Key compliance considerations when using AI in recruitment include: 

  • Data Protection: Regulations like the GDPR (EU/UK) and CCPA (US) require lawful collection and processing of candidate data. This means organisations must identify an appropriate legal basis for processing, minimise data collection, and ensure candidates can exercise their rights (such as access, rectification, and deletion). This is less visible and more difficult to control when the AI is gathering and processing the data. 
  • Transparency: Employers must clearly inform candidates about how AI is used in the recruitment process, what data is collected, and how decisions are made. Many current AI tools lack sufficient transparency, which can lead to non-compliance and erode candidate trust. 
  • Fairness and Anti-Discrimination: AI systems must be designed and monitored to prevent bias and discrimination. Laws such as the UK Equality Act 2010, US Civil Rights Act 1964, and EU directives require fairness in automated decision-making. Audits have found that some AI tools can inadvertently filter out candidates based on protected characteristics, highlighting the need for careful oversight and regular bias testing. 
  • Human Oversight: Many regulations require that candidates have the right to human intervention in automated decisions, the ability to contest outcomes, or express their viewpoint. This ensures that AI does not make unchecked, potentially unfair decisions. 
  • Audit and Accountability: Regular audits and impact assessments (such as Data Protection Impact Assessments under GDPR) are essential to identify and mitigate risks. New laws, like the EU AI Act and even local regulations (e.g., New York City’s Local Law 144), are introducing mandatory audits and stricter oversight for AI in recruitment. 
  • Emerging AI Regulations: The regulatory landscape is evolving, with new frameworks like the EU AI Act and the US AI Bill of Rights introducing additional compliance requirements, especially for higher-risk AI systems used in recruitment. 

Practical steps for keeping your AI compliant: 

So how can you respond to these additional challenges ensuring you retain the benefits of AI in recruitment without falling foul of any new traps.  Here are some simple practical principles to adopt and associated key questions to ask:  

  • Conduct regular audits and impact assessments – how are the AI tools performing? What results are they generating? Are they delivering the benefits we hoped for? 
  • Ensure transparency and clear communication with candidates – where AI driven decisions are being made how do we ensure the reasoning is available, understandable and suitable to be shared externally? 
  • Monitor and test AI tools for bias and accuracy – Where have issues arisen and why? Can we benchmark the AI tool against a human recruitment expert?  
  • Limit data collection and retention – What data is the AI tool accessing and where is it coming from? What new data is it actually creating?
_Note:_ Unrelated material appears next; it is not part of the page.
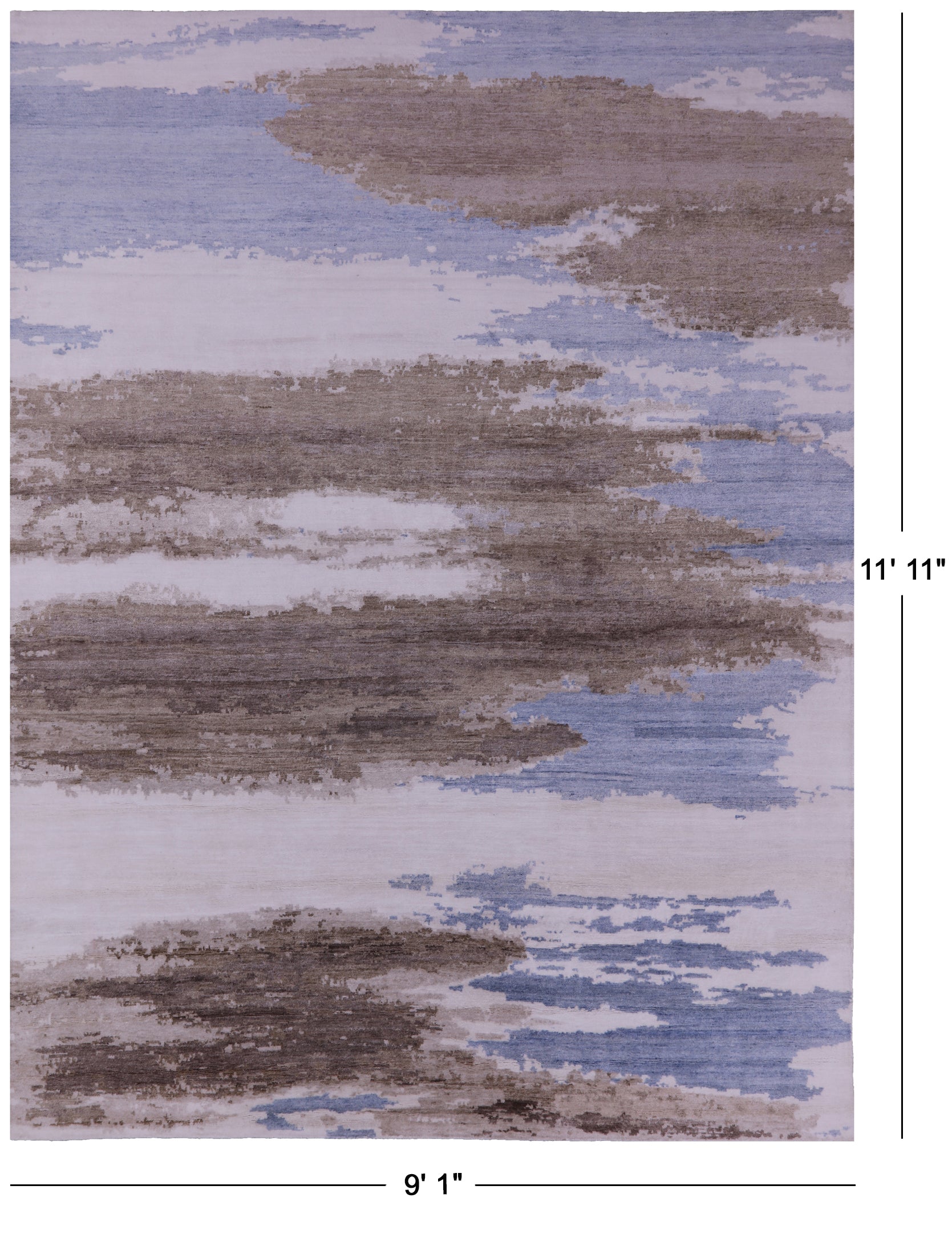 Modern Hand Knotted 100% Silk Rug - 9' 1" X 11' 11" - Golden Nile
Where is data being stored and processed and for how long?   
  • Provide mechanisms for human review of automated decisions – How to ensure that your recruitment process still has humans in the loop at critical points to provide regular checks and balances before things go external and beyond your control? 

Compliance Control – using the right tools? 
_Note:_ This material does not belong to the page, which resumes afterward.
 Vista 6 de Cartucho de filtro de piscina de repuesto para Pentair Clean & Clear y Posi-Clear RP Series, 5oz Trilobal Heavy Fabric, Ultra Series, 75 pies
We’ve considered how AI in recruitment can improve efficiency in the search, sift and selection process. We’ve also seen how use of AI tools also introduces significant compliance challenges for recruiters.  

Organisations must proactively address data protection, fairness, transparency, and human oversight to comply with current and emerging regulations.  

It’s a lot to stay on top of in such a rapidly evolving space. This is where process management and compliance tools like Maly’s Okuda platform can play a role again.  

By putting in place a structured, consistent, digital approach across the organisation, one that helps you ask the right questions at the right time to the right people (and to capture their answers for audit purposes) you can minimise the risk of AI behaving in unexpected and undesirable ways. 

This approach will certainly help you to maximise the benefits of AI in terms of speed, efficiency, and reach to find the very best candidates and to avoid pitfalls.